What this task involves
Please restate each line of the material word for word and omit any pictures.

Provided material

-- Opening Marker --

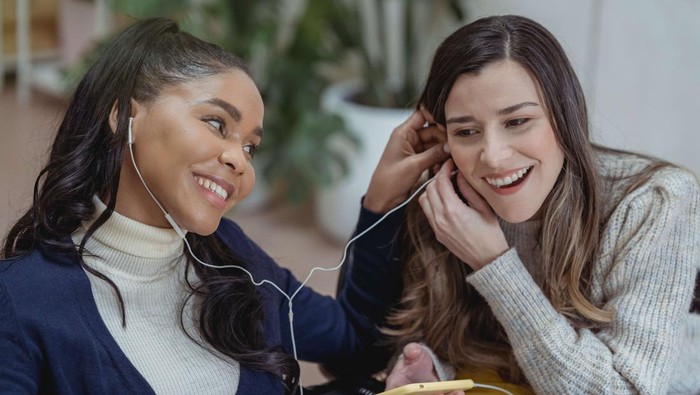 Ingat! Beberapa Printilan Ini Meski Praktis, Sebaiknya Nggak Kamu Share Sama Bestie-mu!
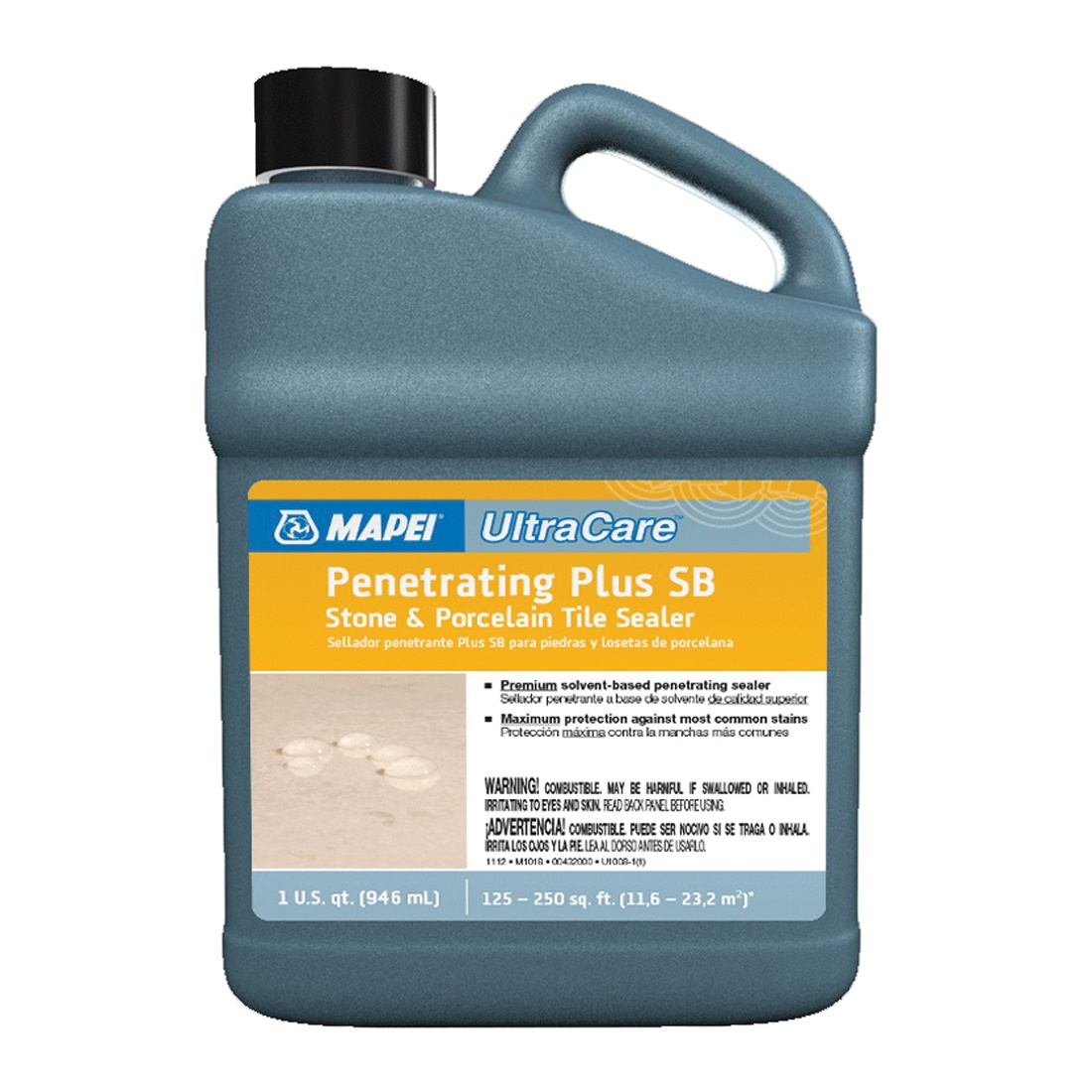 Mapei 1153659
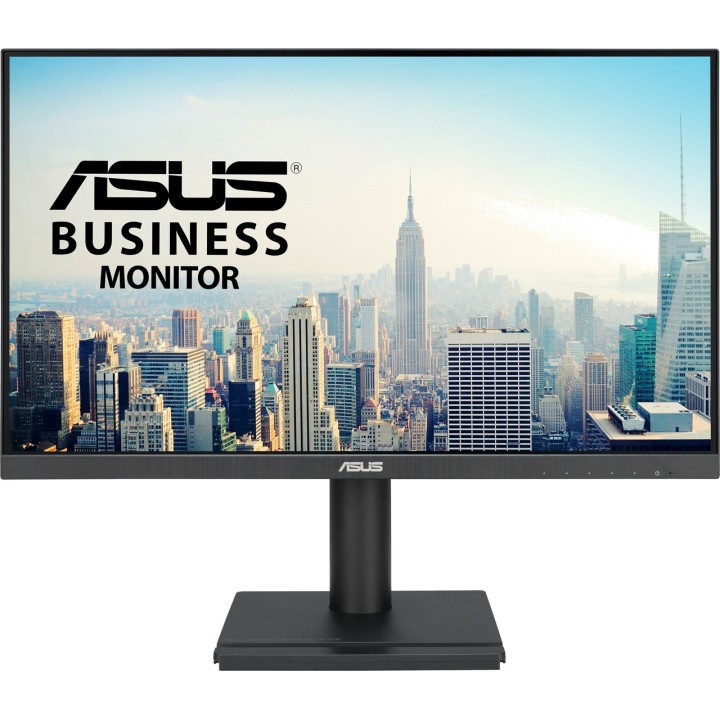 ASUS Monitor per PC VA24DQFS 23,8" FHD 100HZ IPS 100074198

-- Closing Marker --

Task solution
 Ingat! Beberapa Printilan Ini Meski Praktis, Sebaiknya Nggak Kamu Share Sama Bestie-mu!
 Mapei 1153659
 ASUS Monitor per PC VA24DQFS 23,8" FHD 100HZ IPS 100074198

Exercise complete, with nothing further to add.